EXTRACTED ENTRIES →
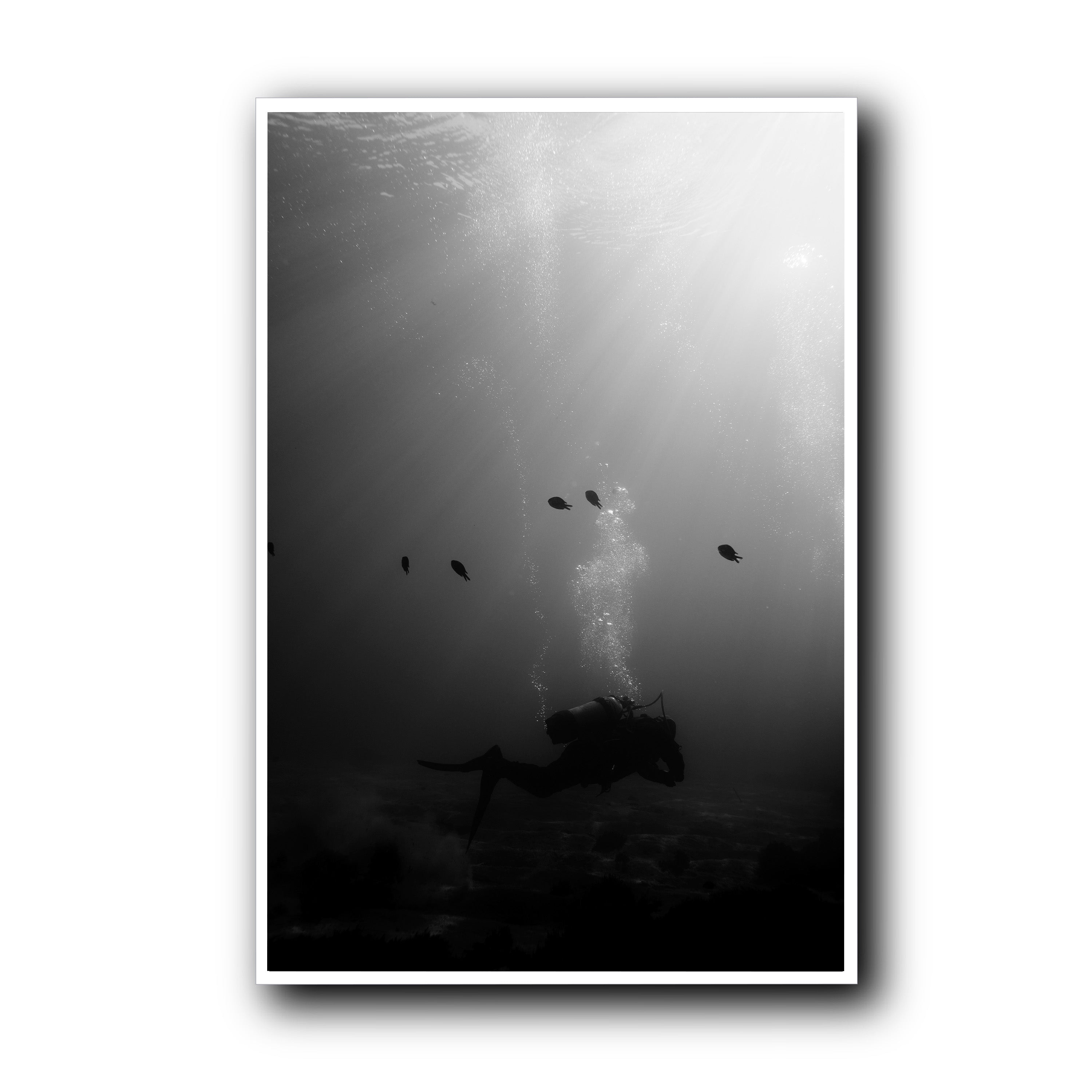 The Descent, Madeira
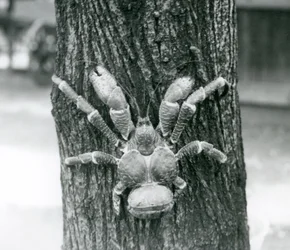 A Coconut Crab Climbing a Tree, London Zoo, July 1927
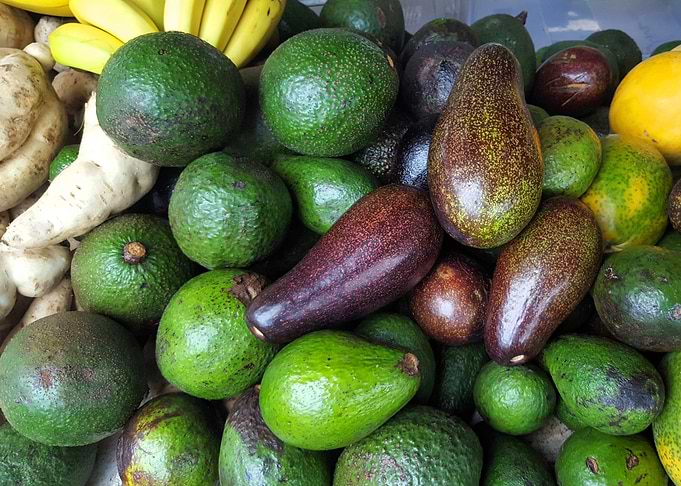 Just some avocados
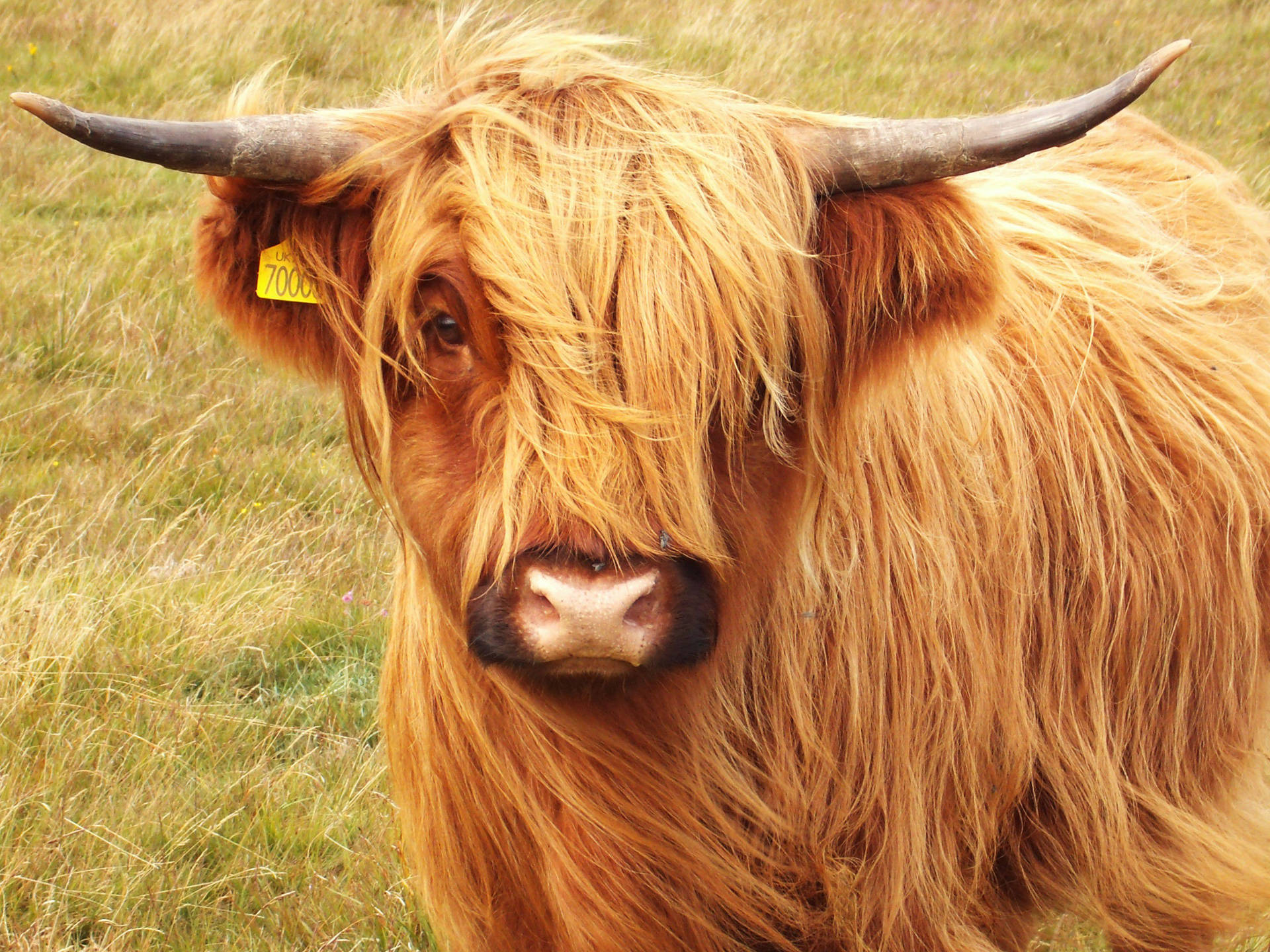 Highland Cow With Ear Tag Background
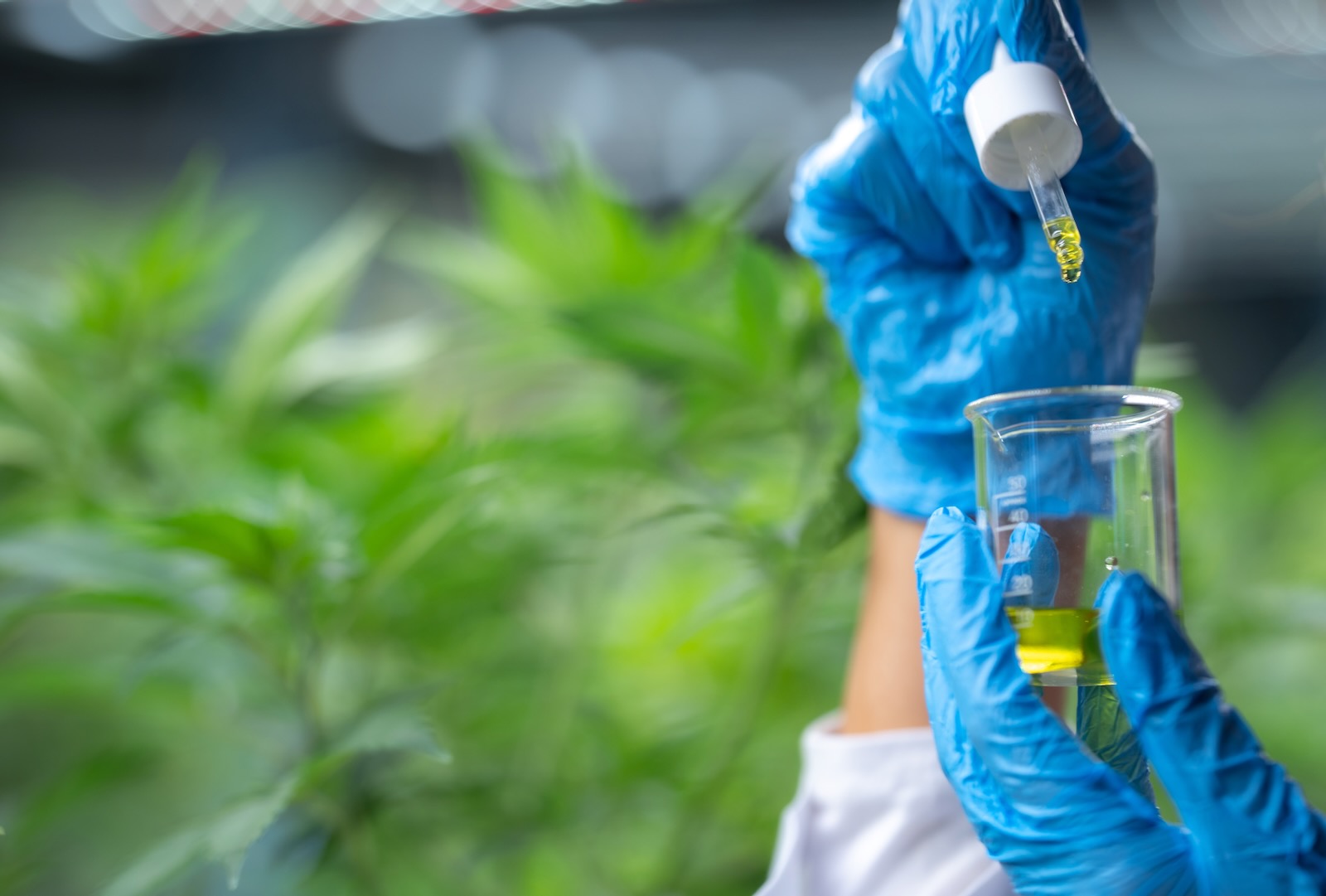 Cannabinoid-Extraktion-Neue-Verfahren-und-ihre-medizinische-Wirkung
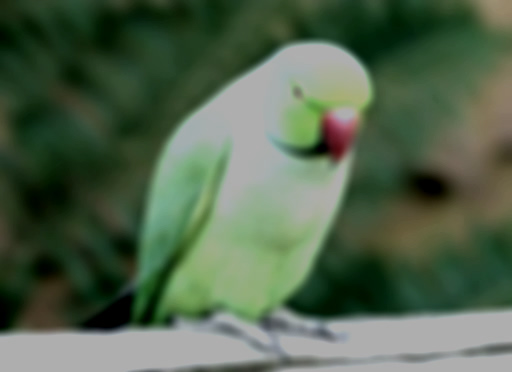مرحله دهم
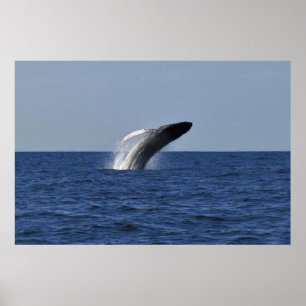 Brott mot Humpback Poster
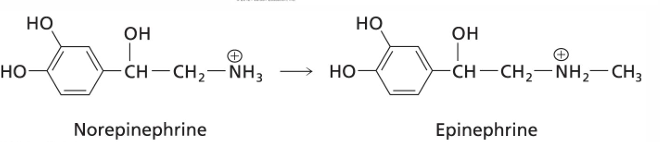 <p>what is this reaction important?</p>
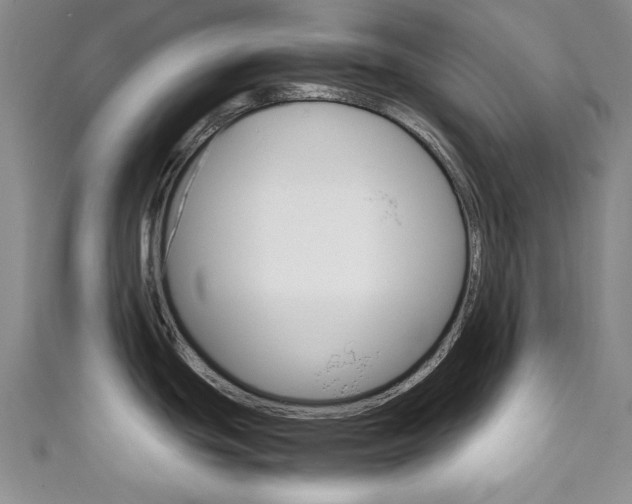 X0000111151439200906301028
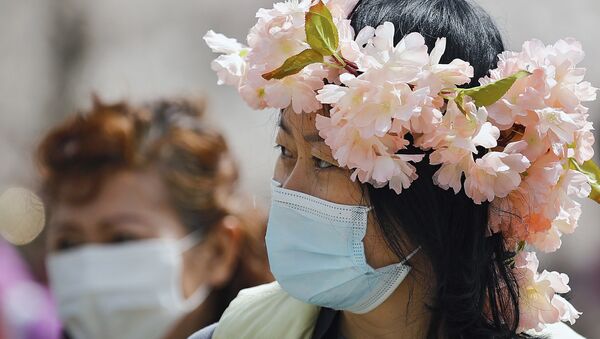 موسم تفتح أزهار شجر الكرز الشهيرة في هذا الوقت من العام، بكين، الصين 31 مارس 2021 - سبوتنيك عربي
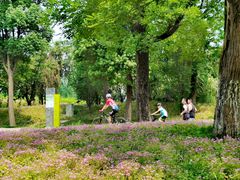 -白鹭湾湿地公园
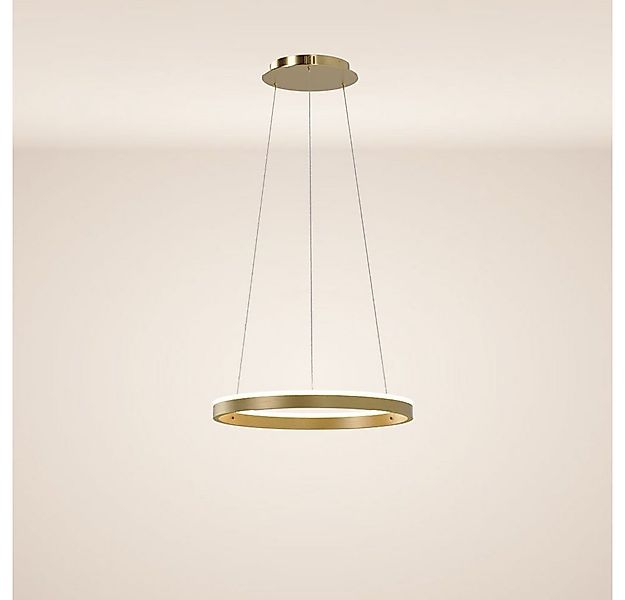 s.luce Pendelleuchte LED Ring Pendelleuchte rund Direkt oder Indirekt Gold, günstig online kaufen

EXERCISE BRIEF →
Here the job is to print all the data exactly, skipping any image.

ANSWER SECTION →
 The Descent, Madeira
 A Coconut Crab Climbing a Tree, London Zoo, July 1927
 Just some avocados
 Highland Cow With Ear Tag Background
 Cannabinoid-Extraktion-Neue-Verfahren-und-ihre-medizinische-Wirkung
مرحله دهم
 Brott mot Humpback Poster
 <p>what is this reaction important?</p>
 X0000111151439200906301028
 موسم تفتح أزهار شجر الكرز الشهيرة في هذا الوقت من العام، بكين، الصين 31 مارس 2021 - سبوتنيك عربي
 -白鹭湾湿地公园
 s.luce Pendelleuchte LED Ring Pendelleuchte rund Direkt oder Indirekt Gold, günstig online kaufen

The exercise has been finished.